Cuando era aún una niña pequeña, en la edad esa en la que lo preguntas todo sin pudor ni prudencia, le pedí a mi abuela Antonia que me explicara qué era ese olor tan peculiar que había en su habitación. “¿Qué olor?”, me preguntó extrañada. “Ese olor que hay en las sábanas”, decía yo. “El abuelo y tú lo tenéis”. Y entonces ella, ni molesta ni nada, me dijo tranquilamente que era olor a viejo, pero que no era nada malo. Simplemente era el olor de las cosas que se gastan.
Hace un par de semanas tuve que ir a varias residencias de ancianos para hacer un reportaje para l’Agenda, y al entrar en la primera se me vino a la cabeza este episodio. Allí estaba ese olor tan característico: entre ácido y amargo, una curiosa mezcla de jabón neutro y medicinas. Olía a limpio, y olía a viejo. Me gustó que me trajera a la memoria a mis abuelos, pero también me puso triste, porque esa vejez ante la que me encontraba no era, seguro, la que habían soñado aquellas personas.
Hice las entrevistas que tenía que hacer y pasé un momento por el salón para ver qué hacían los ancianos. Afuera lucía el sol, pero nadie miraba por la ventana. Todos estaban sentados en sillas de ruedas o sillas normales, dispuestos en fila siguiendo el perímetro de la habitación, y todos miraban hacia el frente, hacia un punto infinito que no supe descifrar, absortos en su mundo interior, si es que lo tenían. Nadie hablaba con el compañero. Parecían estar esperando algo toda la vida; quizás la cena, y luego, la hora de dormir, y luego, la hora de levantarse. Parecían no percatarse de que estaba yo allí.

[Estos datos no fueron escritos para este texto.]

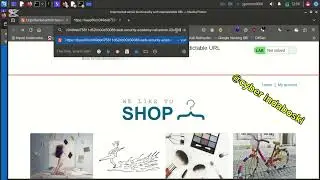 Broken Access Control:Finding Hidden Admin Panels in Client-Side Code | Web Security Academy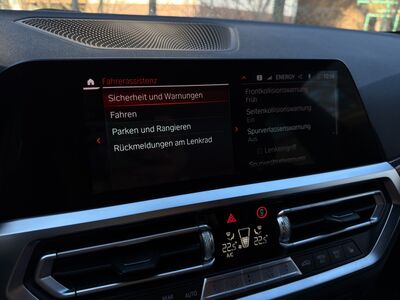 BMW 3er Gebrauchtwagen BMW 3er Gebrauchtwagen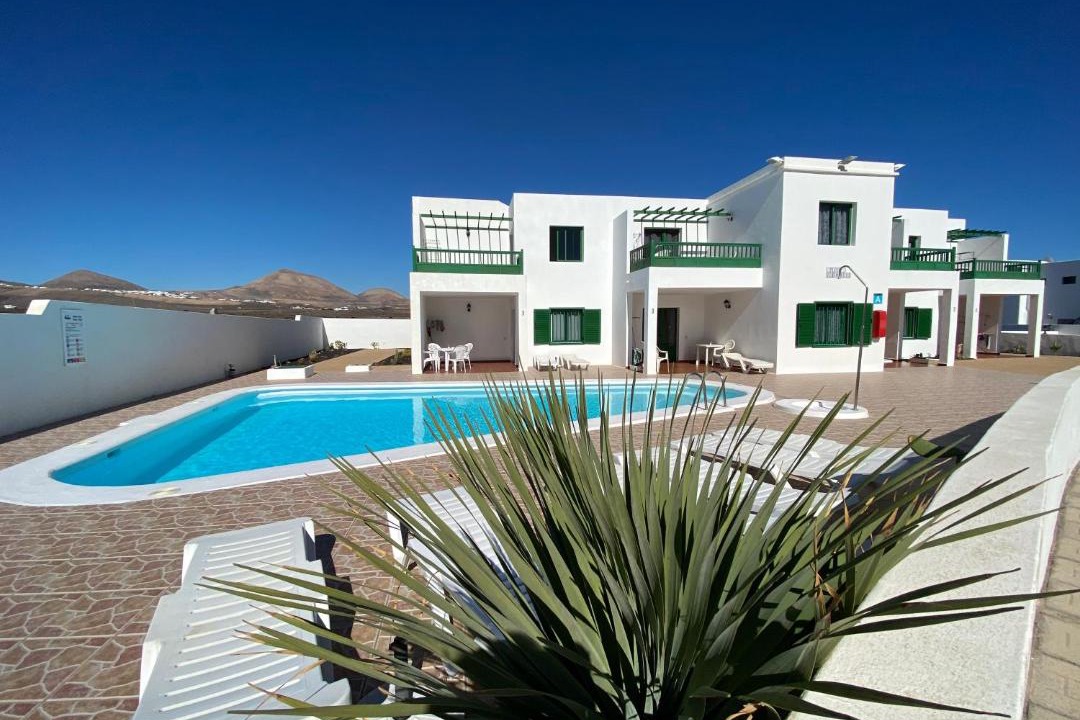 Photo of Outdoor in Los Pocillos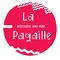 photo de recyclerie la pagaille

La persona que me acompañaba a la puerta pasó al lado de uno de los viejos y lo saludó: “¡Adiós, Fulanito, hasta mañana!”, y entonces el hombre despertó de su letargo, alzó la cabeza y comenzó a hablar lúcidamente, me miró y se interesó por quién era yo. Cuando me fui, me despidió con un “hasta otro día, señorita, ya nos veremos por aquí, ¿no?”, que me sonó desgarrador. Me explicaron que son muchos los que no reciben visitas nunca. Otros pasan el tiempo esperando la visita que no llega.
Vivir en una residencia no tiene por qué ser malo; no tiene por qué ser triste. No sé por qué no queremos a los viejos, si fueron ellos los primeros que nos cuidaron y nos enseñaron a ser lo que somos. Ellos, con su olor a ropa almidonada y jarabe para la tos, son auténticos. Como los libros viejos de las librerías: amarillentos y un poco ajados, pero luego, cuando los abres, son los que te cuentan las grandes historias.